The proper thing Wayland should've done is waited until Wayland had reached feature parity with X, then released it to the world and started acting like it's the future.
That's the issue. Because wayland punts on so much functionality that used to be available with standard interfaces in X11, it fragments the ecosystem to such a degree that all these useful little utilities just don't really have a means to grow.
> Practically all the X usecases are covered on Wayland systems now. ... global hotkeys ...
Are you sure? I looked at that earlier this year for a personal tool I wanted to create and found no way to do it on Wayland (On X, I did it just fine).
I had a long back and forth about this very thing with both Claude and ChatGPT, and neither conversation was fruitful: every option had some dependency (like switching to KDE, or similar).
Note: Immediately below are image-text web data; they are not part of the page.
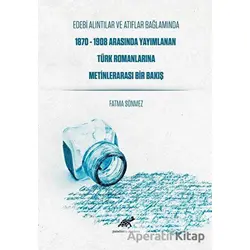 Edebi Alıntılar ve Atıflar Bağlamında 1870-1908 Arasında Yayımlanan Türk Romanlarına Metinlerarası B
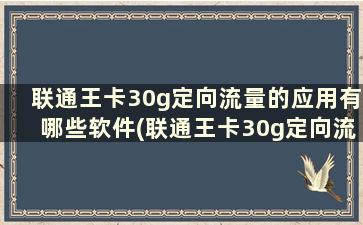 联通王卡30g定向流量的应用有哪些软件(联通王卡30g定向流量的应用有哪些呢)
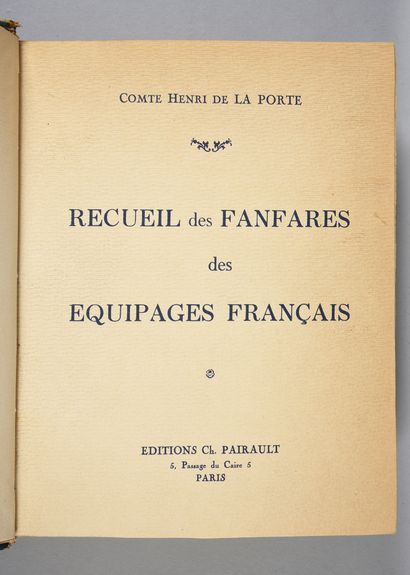 null Comte Henri de La PORTE : Recueil des fanfares des équipages Français. Relié...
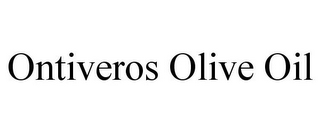 ONTIVEROS OLIVE OIL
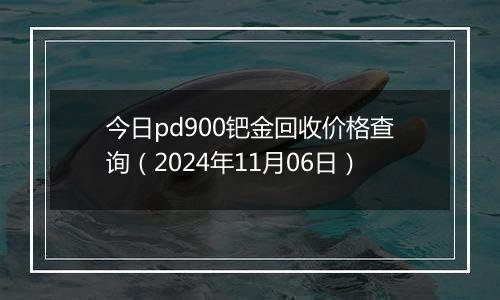 今日pd900钯金回收价格查询（2024年11月06日）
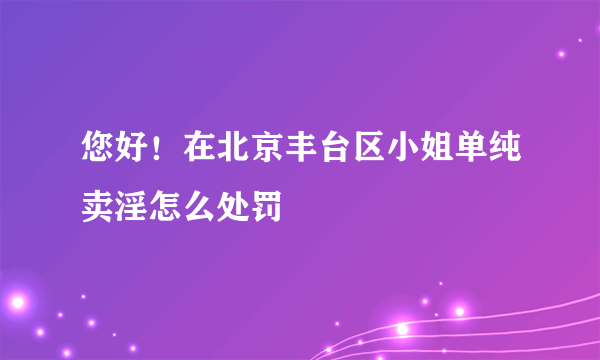 您好！在北京丰台区小姐单纯卖淫怎么处罚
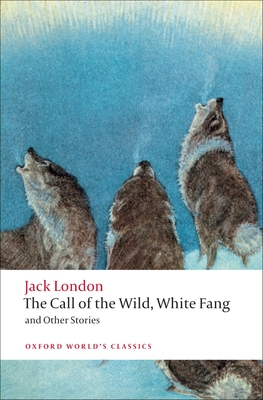 The Call of the Wild, White Fang, and Other Stories - London, Jack, and Labor, Earle (Editor), and Leitz, Robert C, III (Editor)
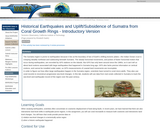 Historical Earthquakes and Uplift/Subsidence of Sumatra from Coral Growth Rings - Introductory Version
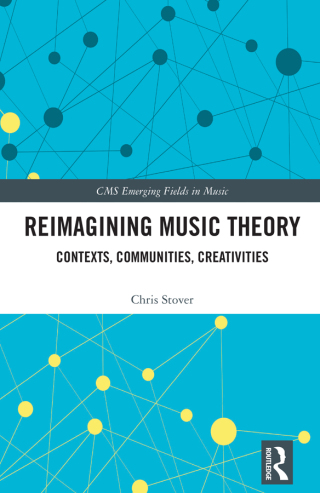 Cover image: Reimagining Music Theory 1st edition 9781032159775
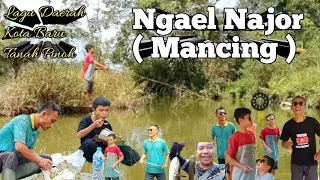 Download Ngael Najor ( mancing ) ll Lagu Daerah Kota Baru ll Tanah Pinoh ll ed_dhi record MP3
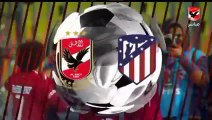 اهداف مباراة الاهلى امام اتلتيكو مدريد 3-2  لقاء السلام ضد الارهاب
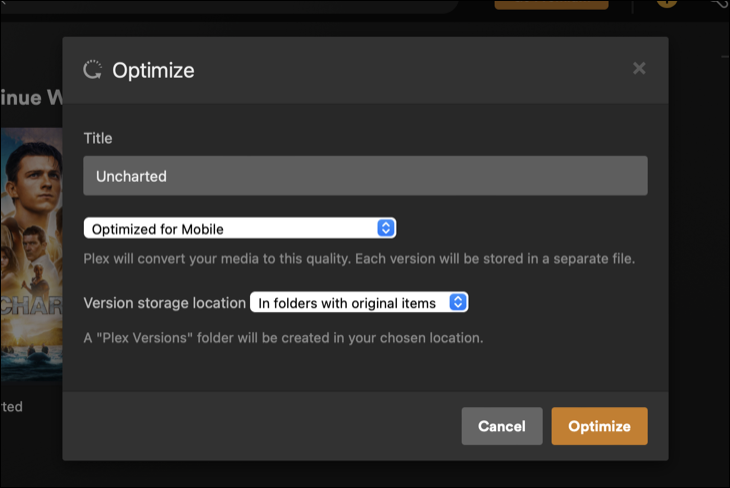 Создавайте оптимизированные версии ваших медиафайлов в Plex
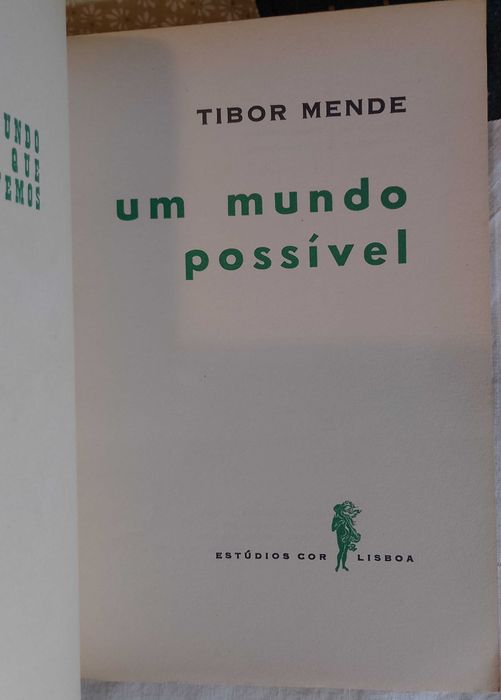 Um mundo possível, Tibor Mende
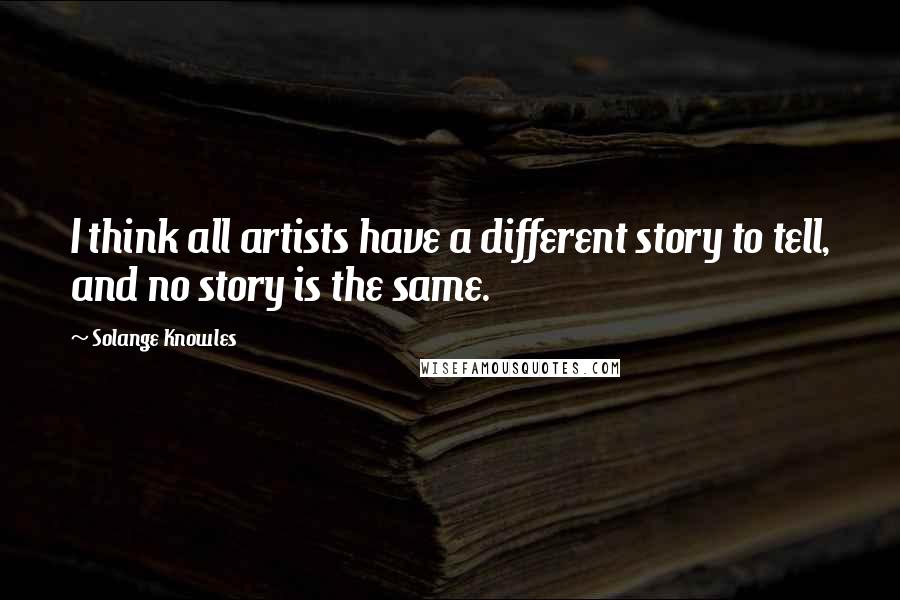 Solange Knowles Quotes: I think all artists have a different story to tell, and no story is the same.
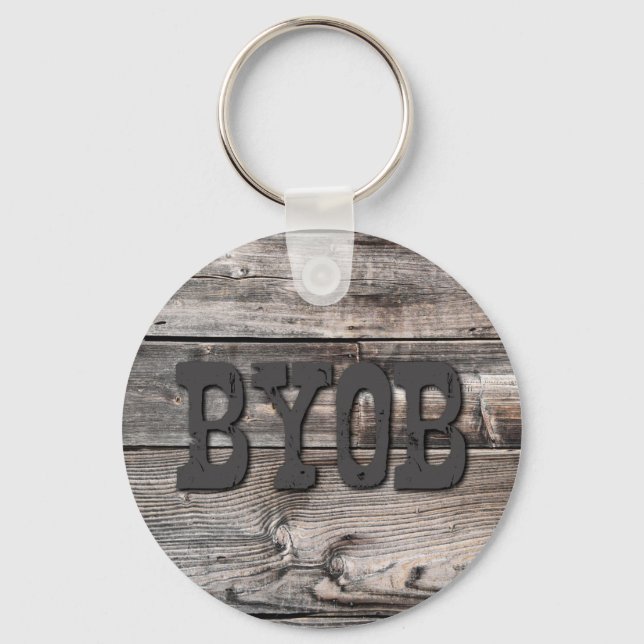 roligt, rustik chic BYOB | Nyckelring (Framsida)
I know some blind people who tolerate it but yeah, I find it completely unusable at the moment. I haven't tried Gnome recently but last time I tried it I had apps like Bitwarden malfunctioning in some very, very weird ways that just... Never happened on Xorg. If I remember right, it was things like forms not being read properly or something, can't remember off the top of my head now. But it certainly didn't leave me with a good impression; it made me think this Wayland thing was just half-baked. Also, Orca modifiers were passed-through directly to the compositor and Orca wasn't allowed to intercept them either, which made just using my computer feel awkward since I'd always need to remember to turn off caps lock every time I wanted to do something even remotely complicated. I've heard that Gnome has solved this but as I said above, I think this may be a Gnome (and at most KDE) thing, and not something that everybody has decided to just do.
For some weird reason I can't access it, it just redirects me to this image about hacker news. Did he just configure his webserver to just universally display that image? Even if I manually enter the address into my address bar it does that so I assume that that's what he did...
Good. Disallowing software to position its own windows has been a major usability improvement over the X11 days of software making stupid positioning decisions and having to patch it out everywhere...
Yeah, assuming all users and all software should work the same idea is a great way to get people moving to a new platform.
Maybe, just maybe, some people know what they want, and if they want applications that can put themselves in specific corners, why shouldn't the desktop let the applications do that, if the user is OK with it?
Fixing X11's security would of broken window positioning as well. Since that is a security issue.
The deal here is that the only way to fix X11's security issues is by breaking all those types of workflows and forcing application rewrites to implement them in authenticated ways.
So if you are going have to go and break all that stuff, why not fix a crapload of other problems while you are at it?
Calling Wayland "X13" may have avoided a lot of misunderstandings, but it probably would of caused others.
Maybe it's both? There are applications with good reason that need to chose their location themselves, and users who want that type of behavior, so it's definitively not just a security issue.